# ABOUT THIS EXERCISE
Make an exact copy of the data below, leaving out every picture.
--------------------
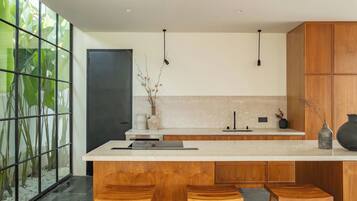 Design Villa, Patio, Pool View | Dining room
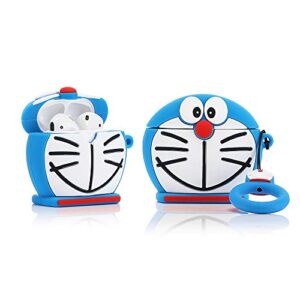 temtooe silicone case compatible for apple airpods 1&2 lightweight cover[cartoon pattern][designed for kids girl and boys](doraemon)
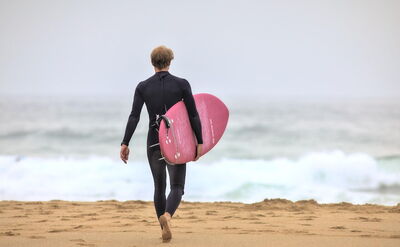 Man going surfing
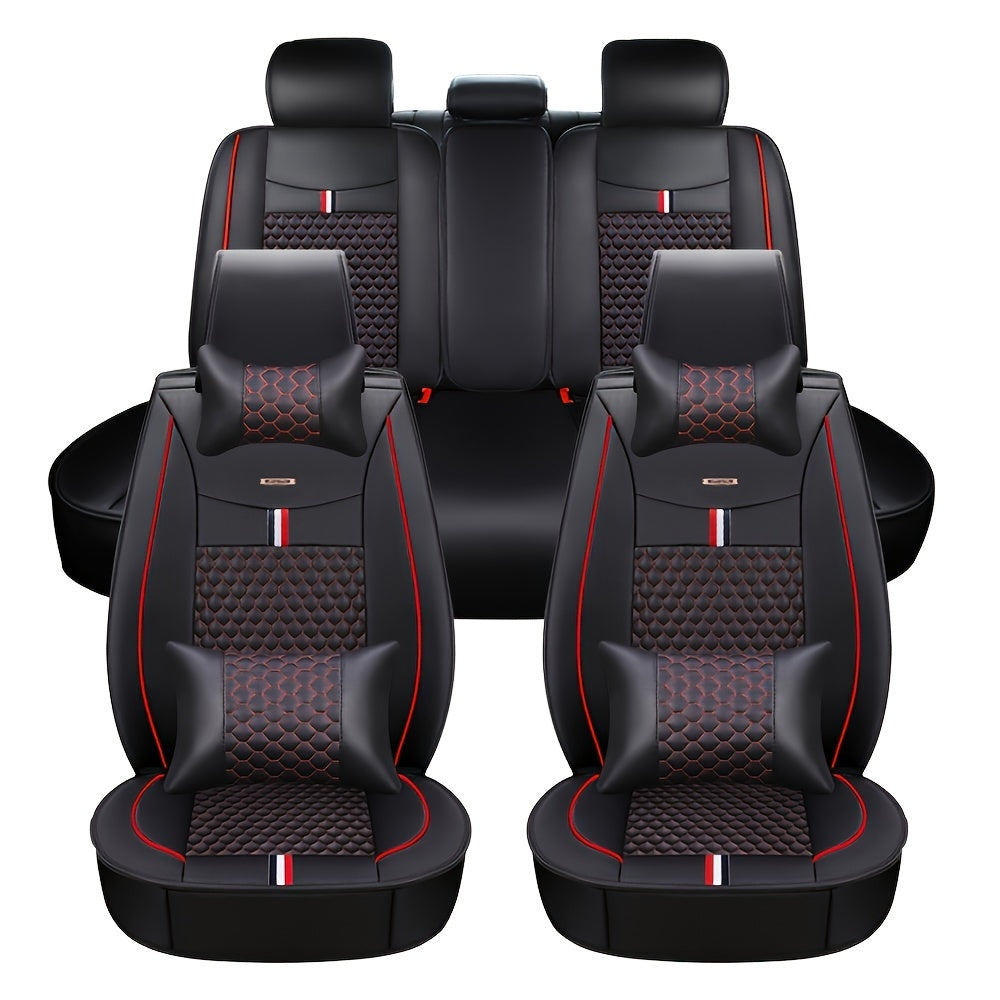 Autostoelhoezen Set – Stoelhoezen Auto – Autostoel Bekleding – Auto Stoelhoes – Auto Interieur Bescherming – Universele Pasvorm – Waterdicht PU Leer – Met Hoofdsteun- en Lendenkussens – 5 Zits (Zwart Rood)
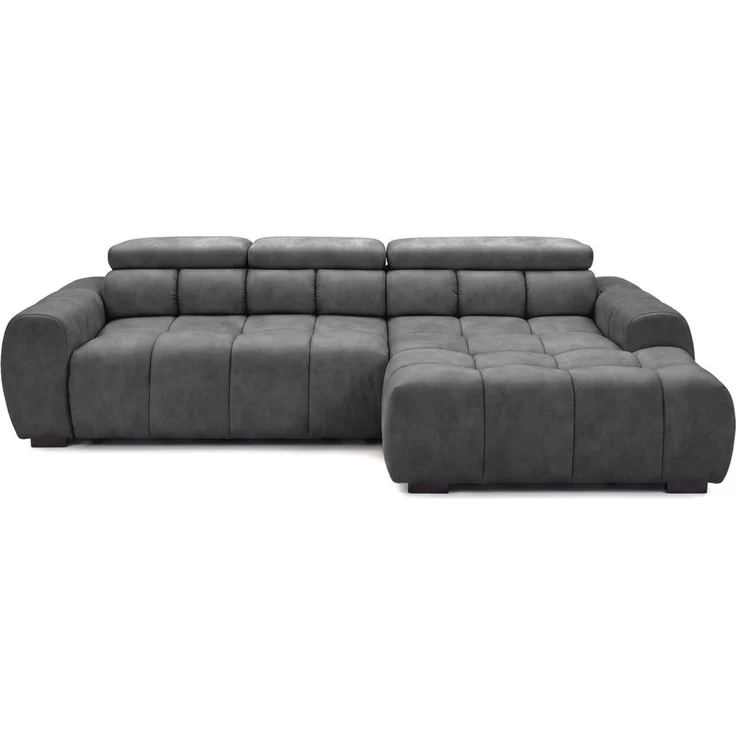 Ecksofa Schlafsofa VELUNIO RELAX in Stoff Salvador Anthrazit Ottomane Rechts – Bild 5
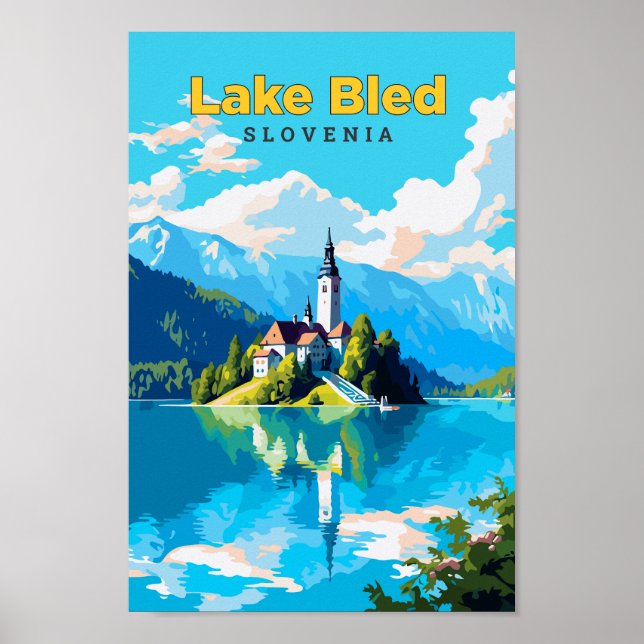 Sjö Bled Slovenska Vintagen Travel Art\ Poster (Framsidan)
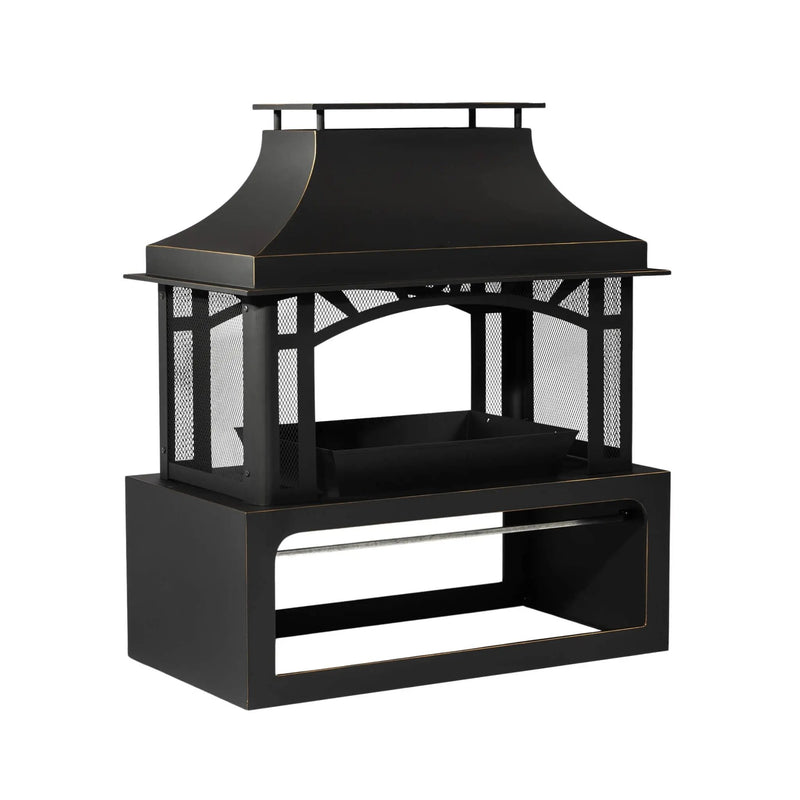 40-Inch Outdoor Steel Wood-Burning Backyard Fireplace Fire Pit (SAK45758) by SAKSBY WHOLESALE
--------------------
# RESPONSE BELOW
 Design Villa, Patio, Pool View | Dining room
 temtooe silicone case compatible for apple airpods 1&2 lightweight cover[cartoon pattern][designed for kids girl and boys](doraemon)
 Man going surfing
 Autostoelhoezen Set – Stoelhoezen Auto – Autostoel Bekleding – Auto Stoelhoes – Auto Interieur Bescherming – Universele Pasvorm – Waterdicht PU Leer – Met Hoofdsteun- en Lendenkussens – 5 Zits (Zwart Rood)
 Ecksofa Schlafsofa VELUNIO RELAX in Stoff Salvador Anthrazit Ottomane Rechts – Bild 5
 Sjö Bled Slovenska Vintagen Travel Art\ Poster (Framsidan)
 40-Inch Outdoor Steel Wood-Burning Backyard Fireplace Fire Pit (SAK45758) by SAKSBY WHOLESALE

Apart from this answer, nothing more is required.